━━━━━ PROVIDED RECORDS ━━━━━

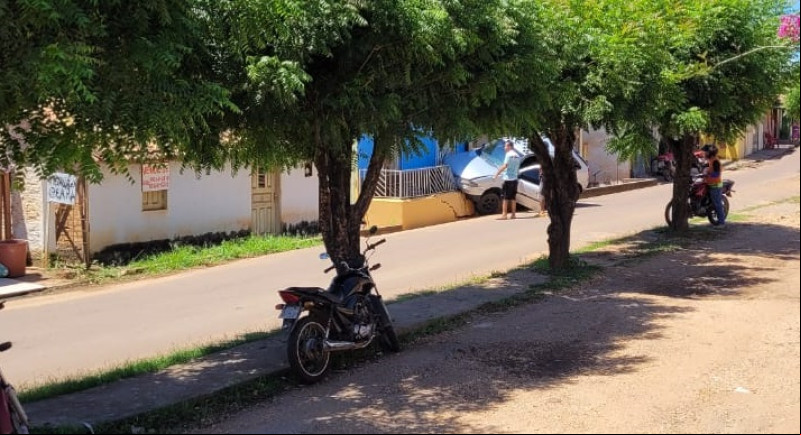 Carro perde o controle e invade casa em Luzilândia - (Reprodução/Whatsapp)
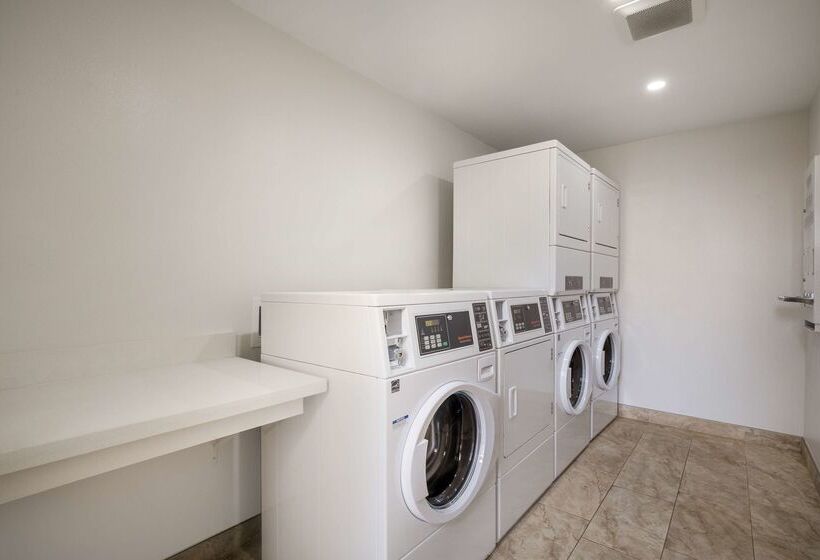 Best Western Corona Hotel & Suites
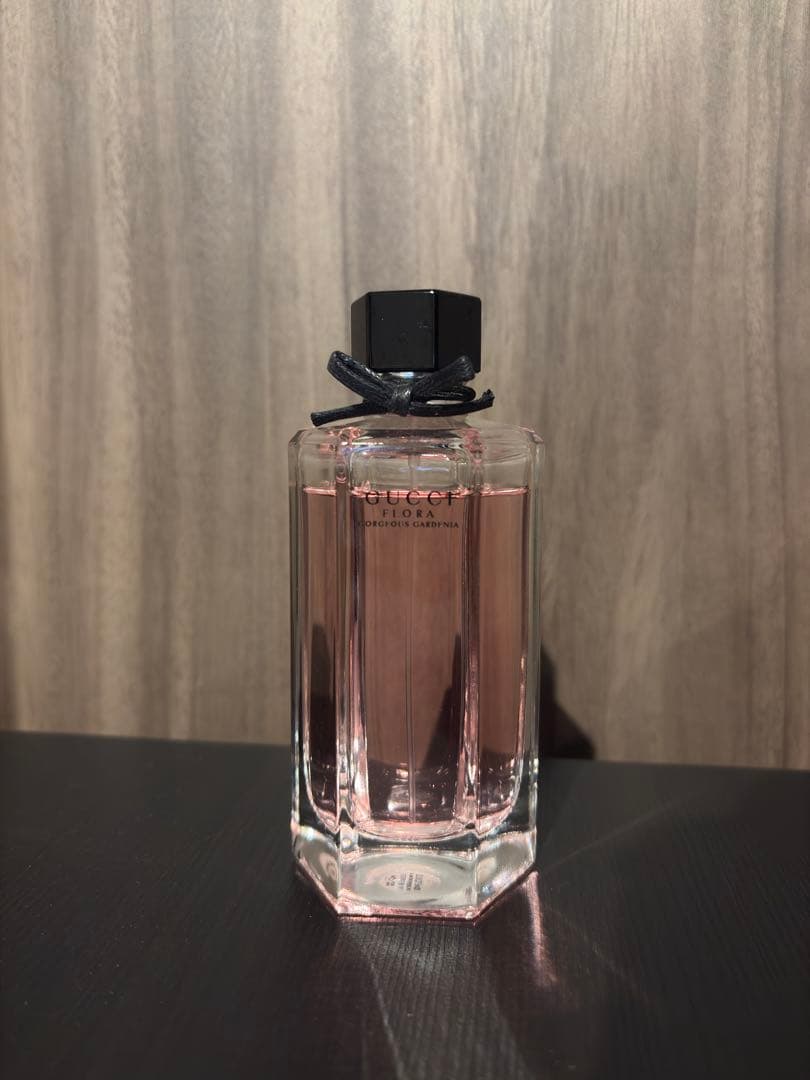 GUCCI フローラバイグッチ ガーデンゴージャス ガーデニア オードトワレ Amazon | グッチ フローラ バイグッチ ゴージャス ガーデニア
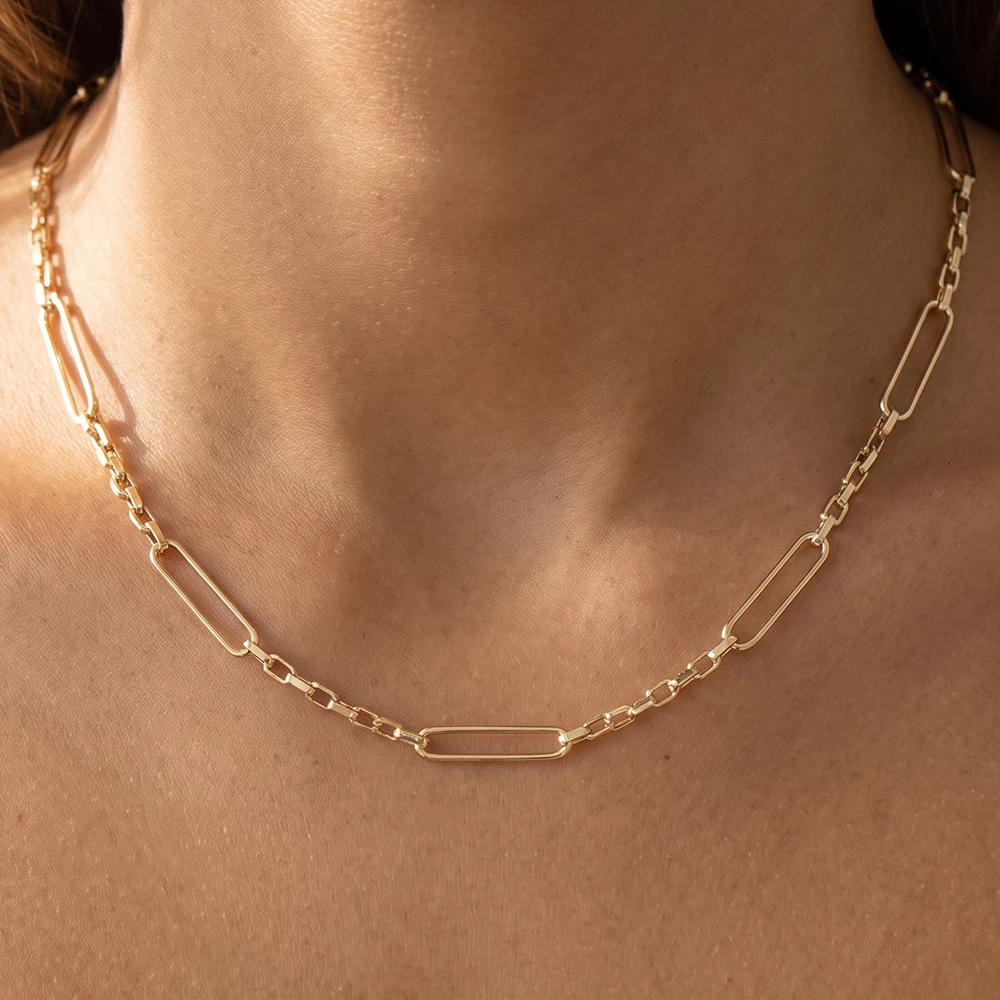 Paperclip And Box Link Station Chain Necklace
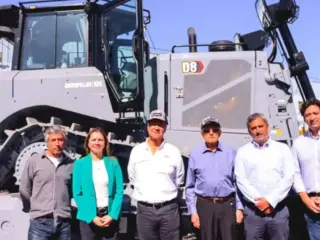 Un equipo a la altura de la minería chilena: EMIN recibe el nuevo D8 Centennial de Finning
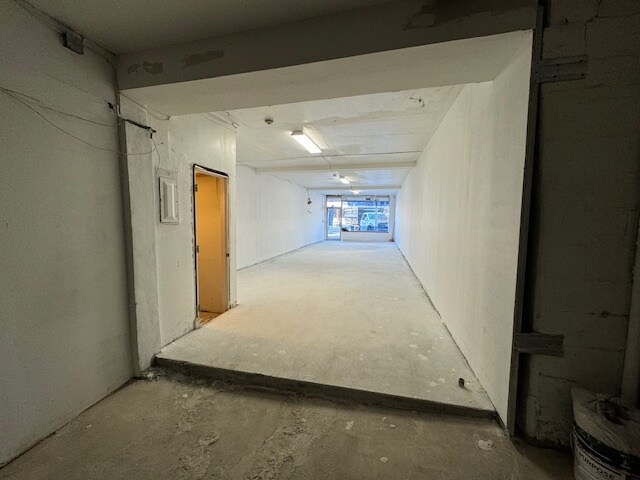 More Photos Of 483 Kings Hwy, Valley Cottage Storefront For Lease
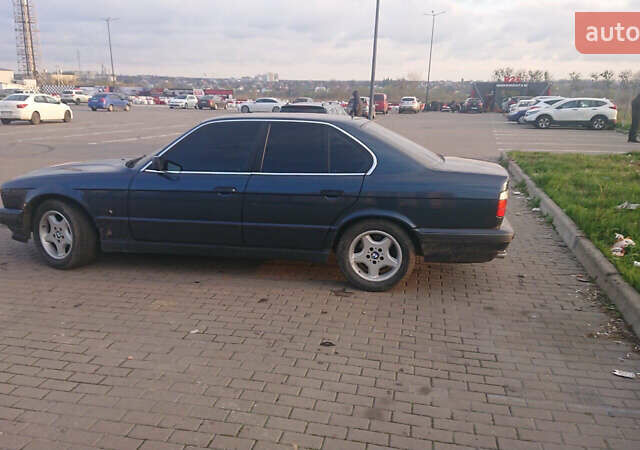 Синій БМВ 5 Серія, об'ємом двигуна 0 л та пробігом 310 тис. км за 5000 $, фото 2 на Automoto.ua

━━━━━
━━━━━ PROVIDED RECORDS ━━━━━

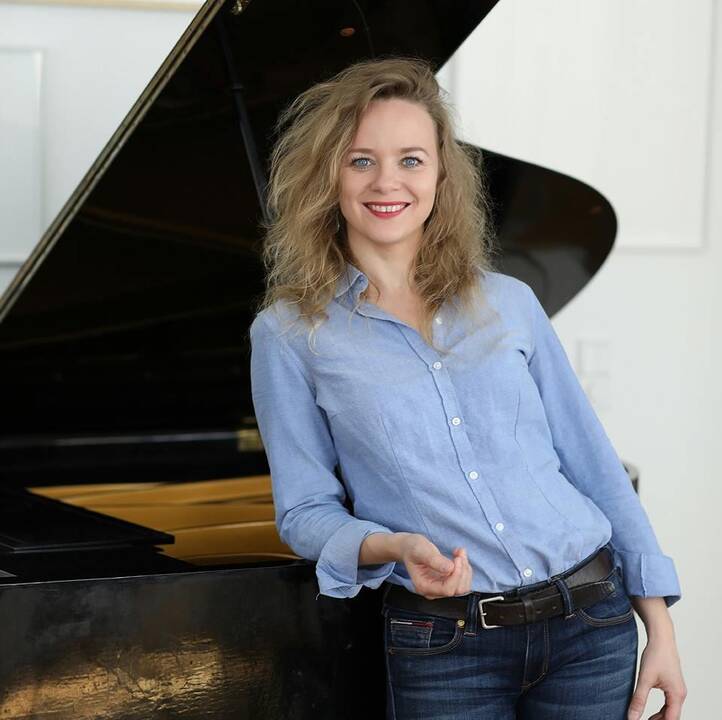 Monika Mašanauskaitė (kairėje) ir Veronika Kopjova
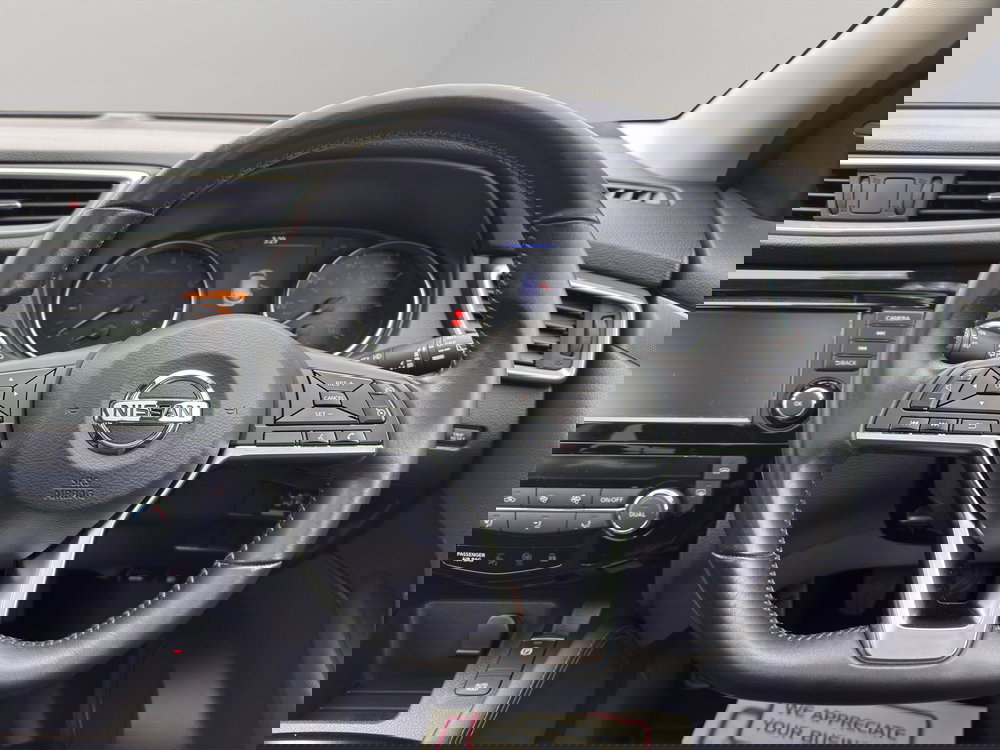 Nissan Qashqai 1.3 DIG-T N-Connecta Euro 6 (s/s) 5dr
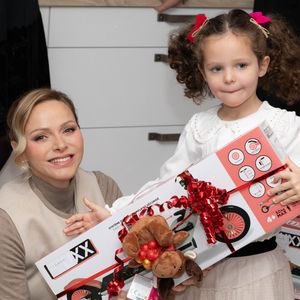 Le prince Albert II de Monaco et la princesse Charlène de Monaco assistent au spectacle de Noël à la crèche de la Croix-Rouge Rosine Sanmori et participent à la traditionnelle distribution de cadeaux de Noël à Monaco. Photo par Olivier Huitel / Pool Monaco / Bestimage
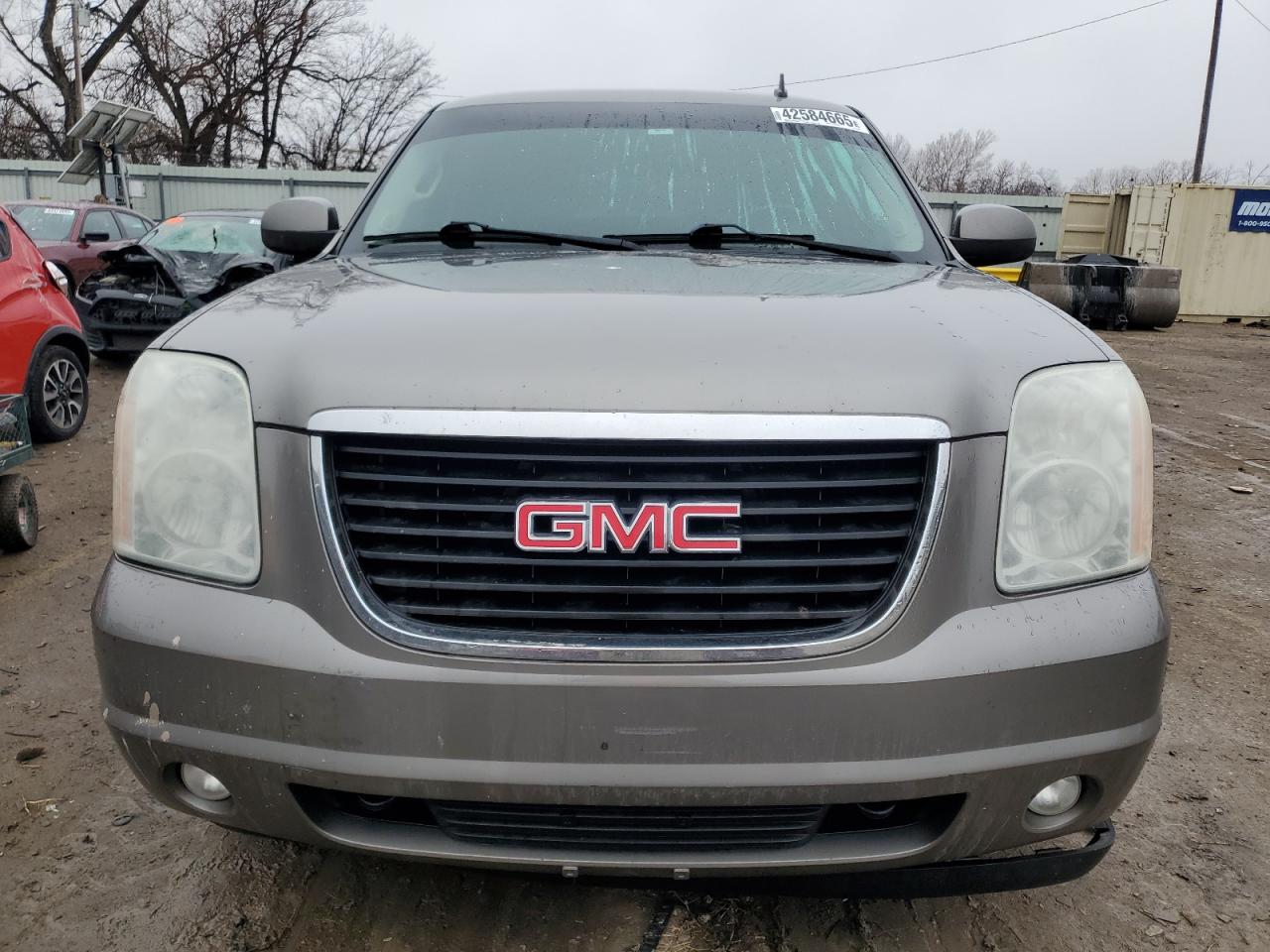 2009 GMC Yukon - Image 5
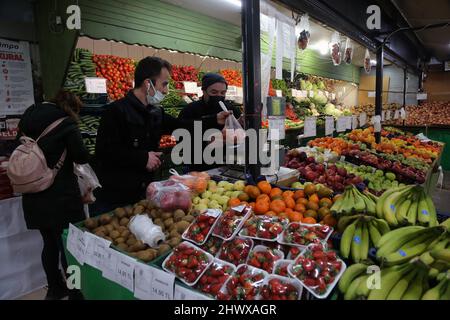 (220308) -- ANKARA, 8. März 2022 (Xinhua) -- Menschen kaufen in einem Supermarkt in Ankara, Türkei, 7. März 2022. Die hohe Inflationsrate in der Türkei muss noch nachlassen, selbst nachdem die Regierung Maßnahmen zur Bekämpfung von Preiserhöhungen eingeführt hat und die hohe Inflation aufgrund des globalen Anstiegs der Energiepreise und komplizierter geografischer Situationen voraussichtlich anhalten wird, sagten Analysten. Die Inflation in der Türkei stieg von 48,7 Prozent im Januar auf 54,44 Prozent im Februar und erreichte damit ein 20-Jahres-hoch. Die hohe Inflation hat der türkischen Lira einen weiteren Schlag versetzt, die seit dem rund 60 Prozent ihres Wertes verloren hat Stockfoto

━━━━━

* _WHAT TO WORK ON_: Only one stretch of the data is wanted: write out exactly the lines from the one holding "Carro perde o" through the one holding "Синій БМВ 5", both included, without the pictures.

* _EXERCISE RESPONSE_:
 Carro perde o controle e invade casa em Luzilândia - (Reprodução/Whatsapp)
 Best Western Corona Hotel & Suites
 GUCCI フローラバイグッチ ガーデンゴージャス ガーデニア オードトワレ Amazon | グッチ フローラ バイグッチ ゴージャス ガーデニア
 Paperclip And Box Link Station Chain Necklace
 Un equipo a la altura de la minería chilena: EMIN recibe el nuevo D8 Centennial de Finning
 More Photos Of 483 Kings Hwy, Valley Cottage Storefront For Lease
 Синій БМВ 5 Серія, об'ємом двигуна 0 л та пробігом 310 тис. км за 5000 $, фото 2 на Automoto.ua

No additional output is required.